Sensors for improving building performance are rapidly populating the market, driven in part by the drive to reduce greenhouse gas emissions resulting from energy production as well as improve the interior environment for healthy and more productive spaces. UC Berkeley has led wireless sensor development over the past 25 years (e.g., Telos mote), with the Hamilton (named after Alexander Hamilton on the US $10 bill) as the most recent. The Hamilton sensor was designed as a low-cost high-performance sensor that is modular and interoperable. The objective of the Hamilton project was to create, evaluate and establish the technological foundations for secure and easy to deploy building energy efficiency applications utilizing pervasive, low-cost wireless sensors integrated with traditional Building Management Systems (BMS), consumer-sector building components, and powerful data analytics.

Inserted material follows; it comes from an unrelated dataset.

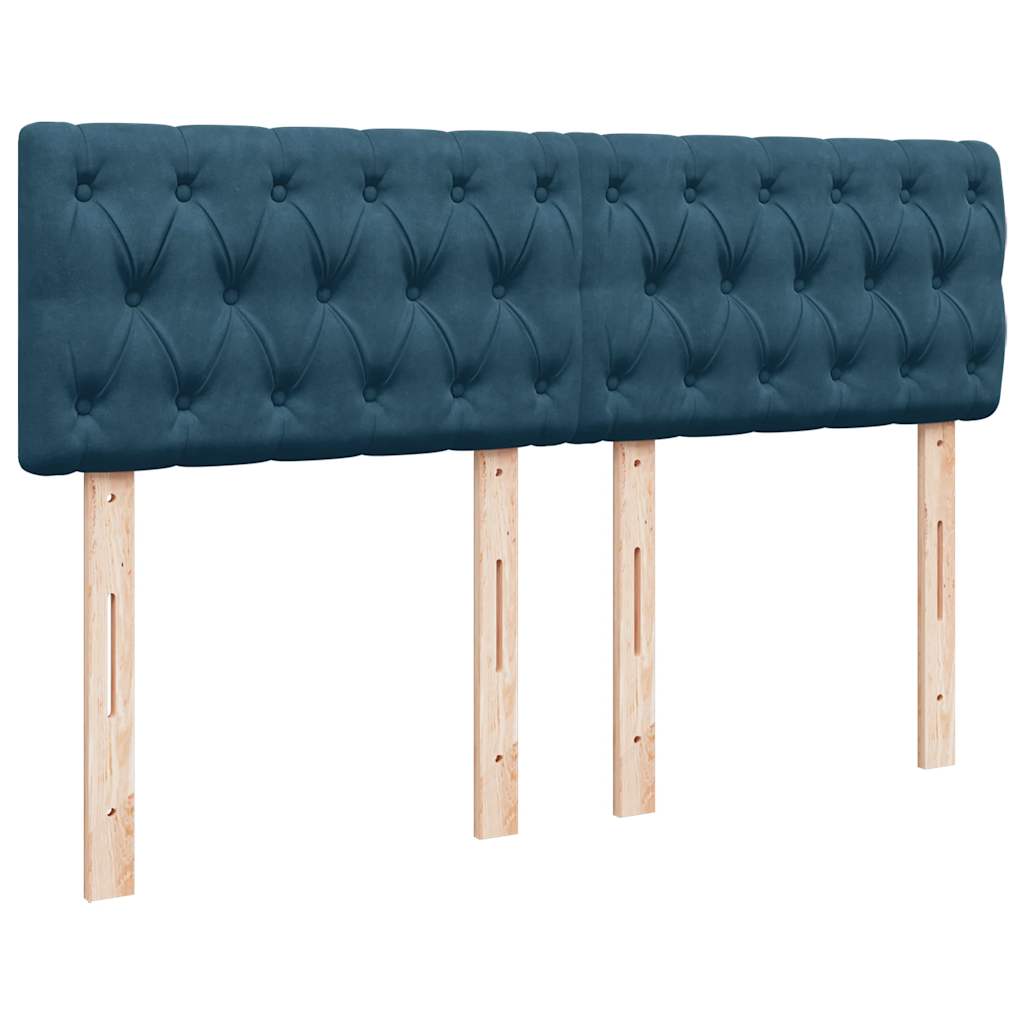 osmannisk sengeramme med madras 140x190 cm fløjl mørkeblå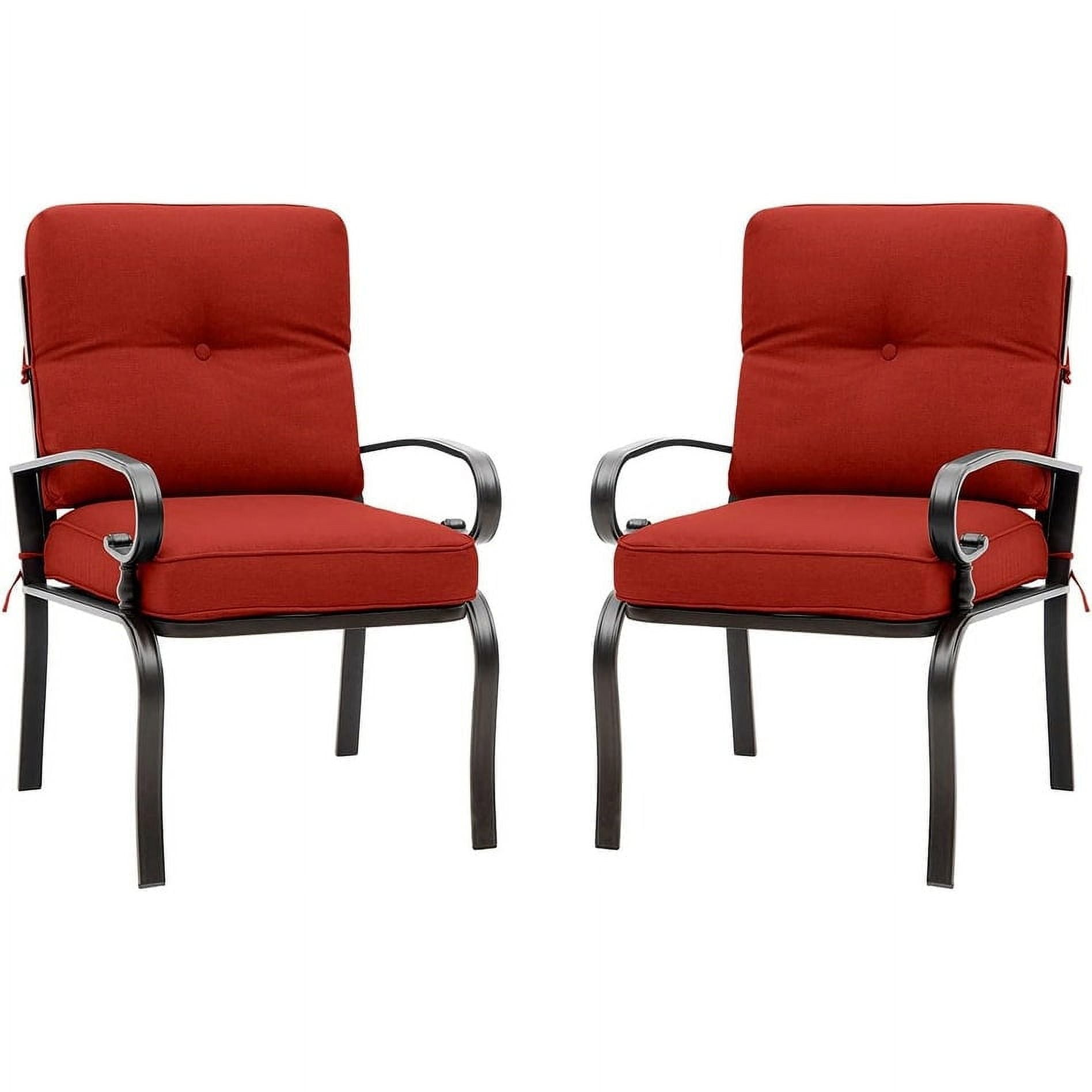 Suncrown Red Cushioned Outdoor Patio Dining Chairs, 2-Piece Set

The project included iterative hardware design, incorporating a high-performance database (BTrDb, http://btrdb.io/), creating and iterating the development of secure data middleware (BOSSwave, WAVE/WAVEMQ), working with and pushing the development of an open-source tiny operating system RiotOS, and implementing and improving protocols such as Thread/OpenThread and TCP/IP. The hardware benefited from careful design to drive down the cost; the design included a System-on-a-Chip (SoC), chip antenna, single crystal and five passive components. Careful design of the operating system created a low-power design to enable a long life with small batteries. The hardware included several sensors: temperature, radiant temperature, relative humidity, magnetometer, accelerometer, and light, with an optional occupancy (Passive InfraRed) sensor. The project was the basis of several applications, both internal to the research team and other researchers and professionals at other institutions. Several applications used the sensor hardware as the basis for other complex devices. Other applications used the sensors to improve building performance through interoperating with the building Heating Ventilation and Air-Conditioning (HVAC) system, such as using occupancy and/or distributed temperature sensing to reduce HVAC zone energy while still providing thermal comfort and to reduce peak loads in small commercial buildings. We demonstrated cloud-based energy analytics, implemented a schedule and a Model Predictive Controller in a small commercial building to optimize HVAC energy, occupancy and electricity price. Initial integration of these technological innovations was performed through the creation of execution containers containing the WAVE agent and various driver, proxy, or building system function logic.
The research added to the understanding of efficient sensor hardware, secure middleware, time-series data management (high performance database), efficient communication protocols, and interoperating with applications and building systems. The project showed the technical effectiveness and economic feasibility of creating a low-cost, modular, and easy-to-deploy sensor. Through conversations with multiple end users, the research team discovered that many customers wanted data management and services in addition to the sensors. HamiltonIOT developed packages of sensors, border router, and data services to provide a seamless “plug-and-play” sensor deployment. Some customers were willing to pay for higher quality sensors (such as light); some customers wanted a robust enclosure (waterproof).